I am self studying Galois theory through lecture notes but I am not able to find a reason why an argument should hold.
Please help.
Argument is - Let $K$ be a field and $f(x)$ belonging to $K[x]$ be irreducible, separable polynomial of degree $3$.Then if Galois group of $f$ is $S_3$ , then there are $4$ proper intermediate fields, $K(\delta)$ , $K(a)$ , $K(b)$ , $K(c)$, where $a$, $b$, $c$ are roots of $f$ and $\delta$ is discriminant raised to power $\frac{1}{2}$
Can someone please tell why there must be $4$ intermediate fields.

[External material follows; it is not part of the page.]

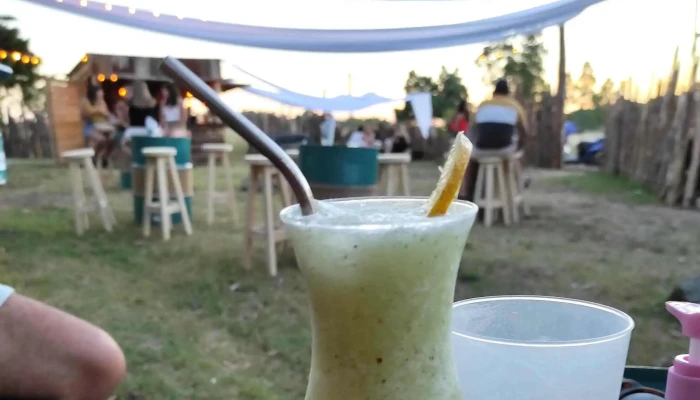 Qpinta Campo Cervecero Comentario 3 - Empalme Olmos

Let $L$ be the splitting field of $f$ over $K$.
The Galois correspondence provides a one-to-one correspondence between the intermediate fields of $L/K$ and the subgroups of $S_3$.
From group theory, we know that $S_3=\{(),(12),(13),(23),(123),(132) \}$ contains three subgroups of order $2$ (= index 3) (the transpositions $(12),(13)$ and $(23)$) and one subgroup of order 3 (= index 2), which is $A_3$.
It is well-known (see also this thread) that the intermediate field corresponding to $A_3$ is generated by $\sqrt{\Delta}$, where $\Delta$ is the discriminant. Then the other three subgroups are then exactly the ones generated by a root of $f$, since $f$ is irreducible.